Дело неблагонадежного Ивана Шереметева, еще со времен стояния нижегородского ополчения в Костроме препятствовавшего земскому движению (а может быть и раньше, так как его еще обвиняли в смерти Прокофия Ляпунова), могло быть использовано князем Дмитрием Пожарским для оправдания своих решений. Земский полк первым делом занял и укрепил свои позиции у Арбатских ворот, построив острожек и выкопав ров. С самого начала князь Дмитрий Пожарский не хотел объединяться с полками князя Дмитрия Трубецкого, располагавшимися у Яузских ворот, на тех условиях, которые ему предлагались. «Новый летописец» включил статью «о съезде бояр и воевод» со своей версией мотивов затянувшегося объединения: «Начальники же начаша меж себя быти не в совете для тово, что князь Дмитрею Трубецкому хотящу тово, чтобы князь Дмитрей Пожарской и Кузма ездили к нему в табары. Они же к нему не ездяху в табары не для того, что к нему ездите но для ради казачья убойства. И приговориша всею ратью съезжатися на Неглинне. И туто же начаша съезжатися и земским делом начаша промышляти»[728]
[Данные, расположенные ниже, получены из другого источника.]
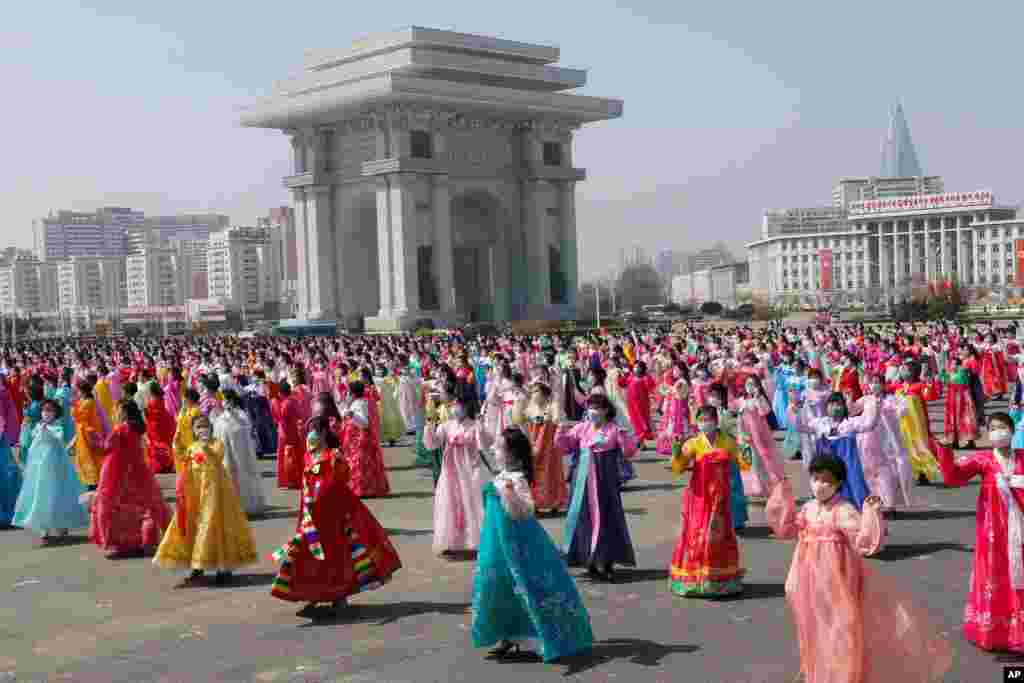 Mulheres dançam perto do Arco do Triunfo no Dia do Sol, aniversário de nascimento do falecido líder Kim Il Sung, em Pyongyang, Coreia do Norte, 15 de Abril de 2021. (AP Photo / Jon Chol Jin)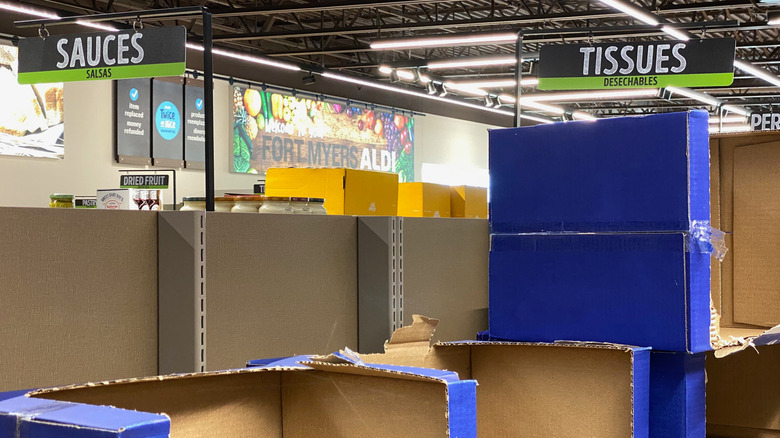 aldi store shelves displaying only empty cartons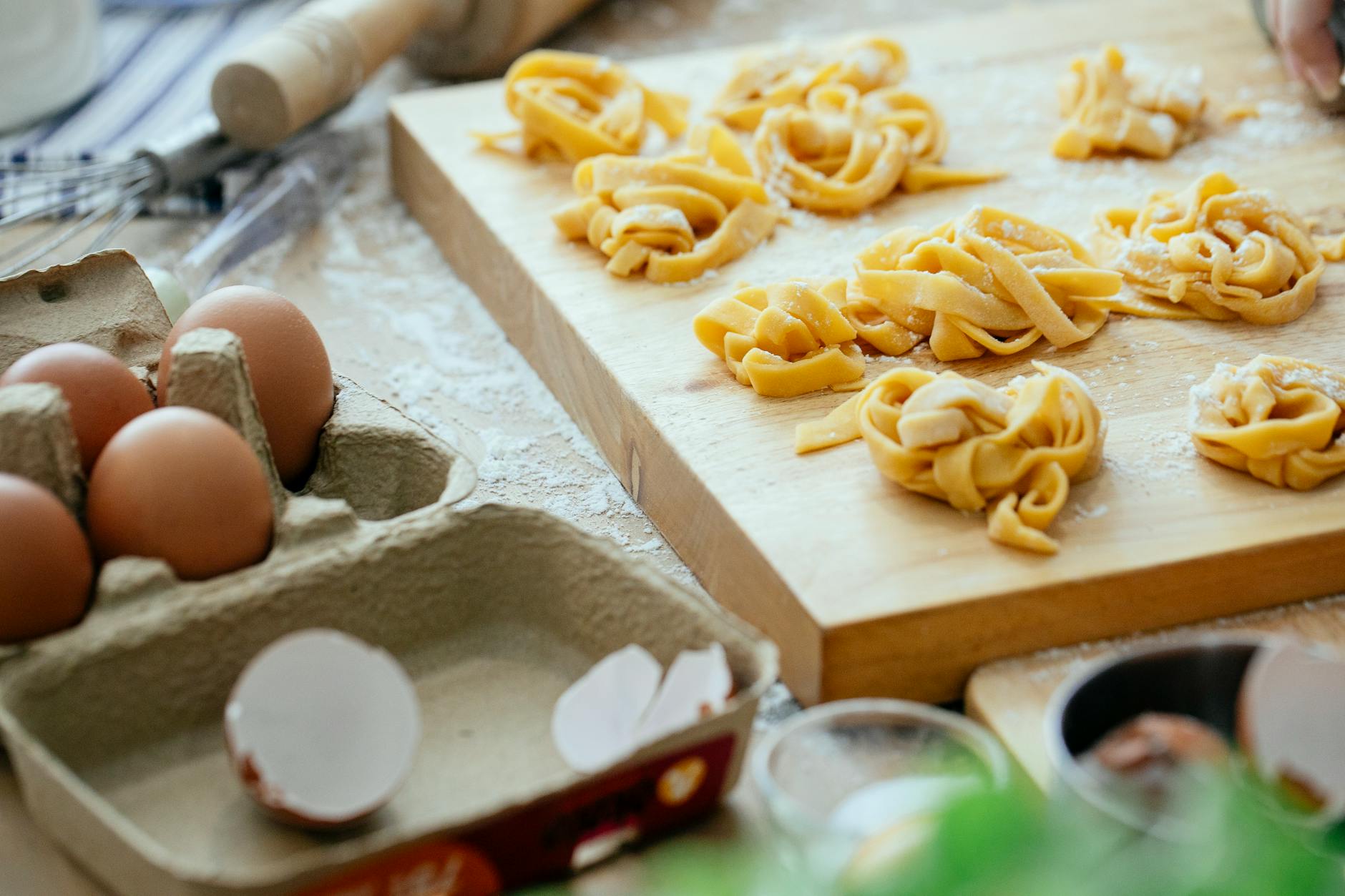 raw tagliatelle nests on wooden board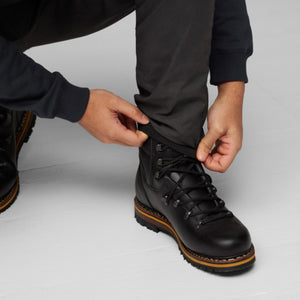 Person adjusting FjallRaven trousers over black leather hiking boots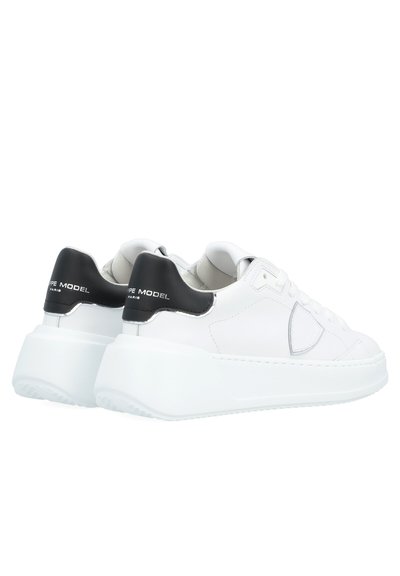 Le sneakers in pelle bianca presentano una suola spessa bianca, con un tallone nero e dettagli del logo argentato. Texture liscia con elementi di design arrotondati.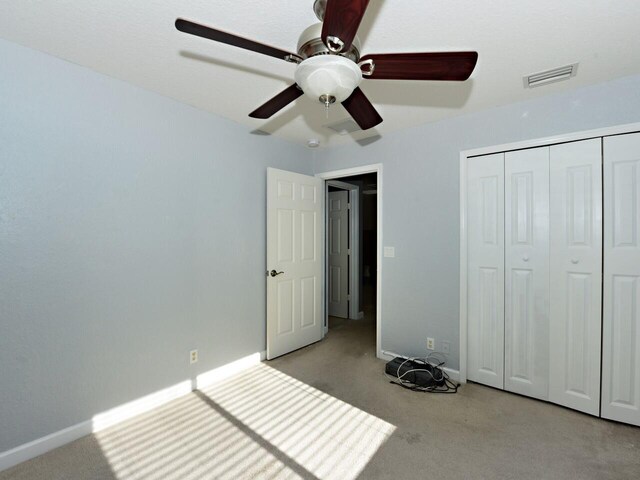 unfurnished bedroom featuring light colored carpet, ceiling fan, and a closet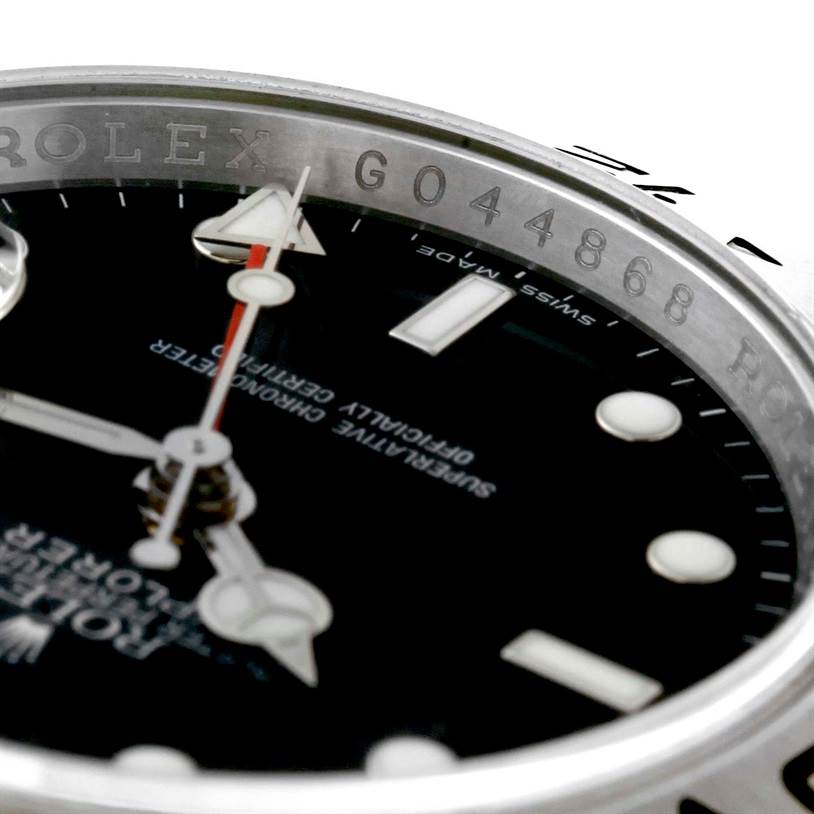 This close-up image of the Rolex Explorer 16570 Men's Stainless Steel Black Dial 16570 Men's Stainless Steel Black Dial watch shows part of the bezel, dial, and serial number engraving.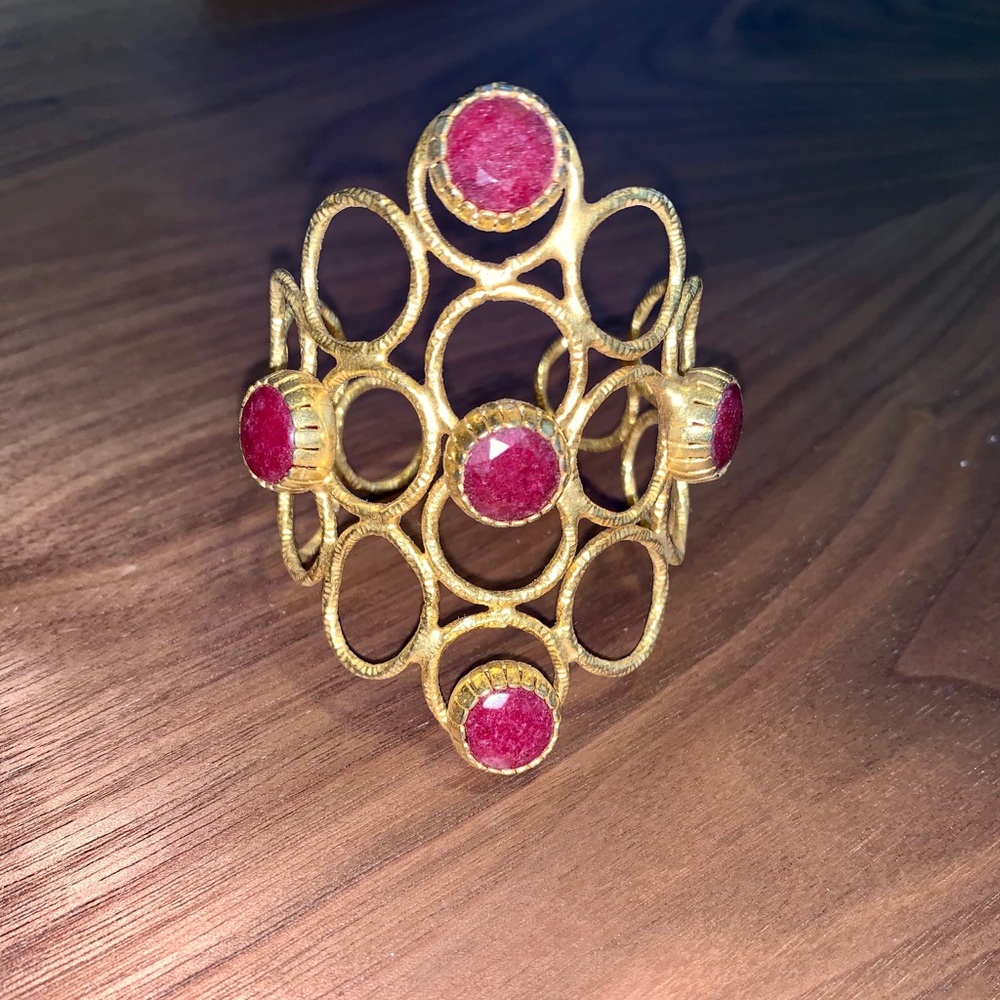 Studded gold cuff with beautiful magenta stones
. Условие, поставленное князем Дмитрием Трубецким легко прочитывается здесь между строк. Воевода Первого ополчения руководствуясь соображениями местнической чести, хотел заставить менее родовитого князя Пожарского выполнять свои указы. Князь Дмитрий Пожарский соглашался на роль второго воеводы, потому что в земских ополчениях все были «без мест». Но он не мог согласиться: тем, что собранная в Ярославле земская сила и созданные там приказы полностью растворятся в войске князя Трубецкого. У князя Дмитрия Пожарского и Кузьмы Минина не было никакой гарантии, что бывшие «тушинцы» и казаки не повернут оружие против них, поэтому они сохраняли осторожность. Компромисс был достигнут в самых последних числах сентября 1612 года. «Бояре и воеводы» князь Дмитрий Трубецкой и князь Дмитрий Пожарский (их имена стали писать в таком порядке в документах ополчения) согласились на уговоры, обращенные к ним со всех сторон. Более того, в грамоте объединенного ополчений говорилось, что кроме челобитных, был принят «приговор всех чинов людей», согласно которому воеводы и «стали во единачестве». Сохранилась и особая роль «выборного человека» Кузьмы Минина, чье имя упоминалось рядом с главными боярами объединенного ополчения. Дублирующие друг друга приказы, в первую очередь Разрядный, были объединены и сведены в новое место, так чтобы не было обидно ни князю Дмитрию Трубецкому, ни князю Дмитрию Пожарскому: «и розряд и всякие приказы поставили на Неглимне, на Трубе и снесли в одно место и всякие дела делаем заодно». Главная цель объединенного ополчения формулировалась хотя и расплывчато, но не содержала никаких призывов к мести: «Московского государства доступать и Росийскому государству во всем добра хотеть безо всякия хитрости»[729].В октябре 1612 года, осажденный польско-литовский гарнизон, «безпрестанно» обстреливаемый из «наряду» с башен («тур»), поставленных «у Пушечного двора, и в Егорьевском девиче монастыре и у Всех Святых на Кулишках», переживал агонию. Как лаконично, но определенно выразился Йосиф Будило по поводу проявившегося каннибализма: «кто кого мог, кто был здоровее другого, тот того и ел»[730]
. Не было тайной положение внутри осажденных стен Китай-города и Кремля для «бояр и воевод», писавших по городам о скором взятии столицы: «и из города из Москвы выходят к нам выходцы, руские и литовские и немецкие люди, а сказывают, что в городе московских сиделцов из наряду побивает и со всякия тесноты и с голоду помирают, а едят де литовские люди человечину, а хлеба и иных никаких запасов ни у кого ничего не осталось: и мы, уповая на Бога, начаемся Москвы доступити вскоре»[731].